O l’Autorità ritiene che i mercati dell’elettricità siano pienamente concorrenziali, e può quindi ridurre l’asfissiante regolazione, o che non lo siano, e allora non può sostenere che con la fine della maggior tutela la “concorrenza trionferà”

E qui veniamo a un punto dirimente.

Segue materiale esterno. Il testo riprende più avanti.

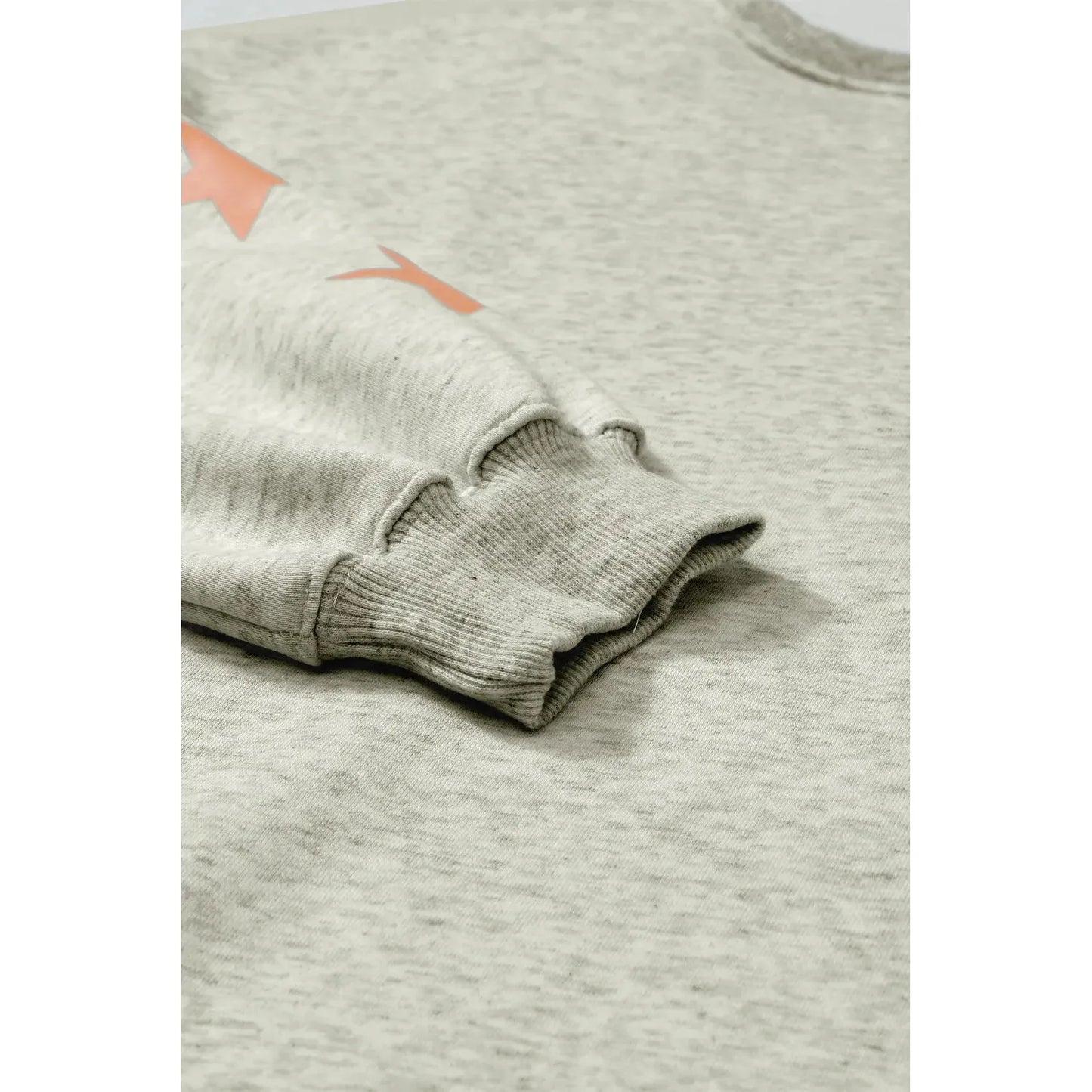 Grapefruit Orange Game Day Graphic Rugby Football Season Sweatshirt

Perché delle due l’una: o l’Autorità ritiene che i mercati dell’elettricità (ingrosso e retail) siano pienamente concorrenziali e allora, come insegna la teoria e una consolidata prassi, deve retrocedere dall’asfissiante regolazione dei mercati che ha sinora svolto; oppure, ritiene che non siano ancora pienamente concorrenziali e allora continui nella sua intrusione, smentendosi però nel dire che togliendo la maggior tutela la “concorrenza trionferà”.

Scriveva nel lontano 1983 Steven Littlechild, il padre della regolazione moderna: “Competition is by far the most effective means of protection against monopoly. Vigilance against anti-competitive prices is also important. Profit regulation is merely a ‘stop-gap’ until sufficient competition develops”.

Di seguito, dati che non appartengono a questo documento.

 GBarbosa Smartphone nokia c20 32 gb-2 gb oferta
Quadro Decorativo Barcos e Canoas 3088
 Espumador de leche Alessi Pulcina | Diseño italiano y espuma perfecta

Nel nostro mercato elettrico – che va progressivamente restringendosi – a venti anni esatti dalla sua liberalizzazione come siamo messi? Ritiene l’Autorità che l’obiettivo del PNIEC di puntare ad una piena ‘competitività dell’energia’ – minori prezzi e minor gap verso gli altri paesi – possa essere ragionevolmente raggiunto? E in caso affermativo, come conciliare tale aspettativa con quella scritta nel PNIEC (pag.80) che “un progressivo incremento delle risorse familiari destinate alla spesa energetica potrebbe inasprire il fenomeno della povertà energetica”?

La previsione in sostanza di un ulteriore aumento dei prezzi. Una qualche presa di posizione su questo dilemma – ciò a cui i consumatori poi interessa – sarebbe stata auspicabile.

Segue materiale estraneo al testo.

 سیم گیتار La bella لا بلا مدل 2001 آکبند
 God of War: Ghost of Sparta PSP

Il peso della regolazione è andato aumentando esponenzialmente fino a circa 90 deliberazioni al mese

E veniamo all’ultimo punto: l’ipertrofia regolatoria. Il peso della regolazione – se la si misura dal numero di delibere, pareri, documenti, persone che impegna, costo dei contenziosi, etc. – è andato aumentando esponenzialmente contandosi deliberazioni nell’arco di un anno non lontane dalle 1.000 (circa 90 al mese, 22 a settimana).

Giovanni Goldoni, uno dei più attenti studiosi di regolazione nel nostro Paese, ha scritto su Energia: “Nell’attività recente dall’AEEG si sono osservati […] una profusione di delibere con un livello di complessità superiore allo stretto indispensabile, e una proliferazione di difetti di coerenza nella regolamentazione non imputabili a problemi insormontabili di razionalità limitata o asimmetria informativa. L’effetto collaterale di queste anomalie è gonfiare a dismisura costi di regolamentazione non strettamente necessari ma ad essa direttamente attribuibili, che l’AEEG cerca di occultare, non garantendo con la stessa frequenza e tempestività del passato la completa trasparenza e la piena accountability della sua attività, ovvero la corrispondenza dei mezzi ai fini della regolamentazione”.

Correva l’anno 2010 e le cose da allora sono di molto peggiorate, ciò di cui la relazione avrebbe dovuto trattare. Penso, per finire, che una critica costruttiva all’operato dei regolatori da parte di altri regolatori, accademici, studiosi sia utile se non doverosa. Vale rammentare la straordinaria esperienza in tal senso che si ebbe annualmente dal 1991 con le ‘Lectures’ ideate dal professore Michael Beesley– a cura della London Business School e dell’Institute of Economic Affairs – che avevano l’obiettivo di creare un forum di discussione, spesso aspra, sull’utility regulation e competition policy.

Un’iniziativa che sarebbe utile replicare nel nostro Paese rendendo così ‘trasparente’ la valutazione oggi non tale che si dà dell’operato dei nostri regolatori.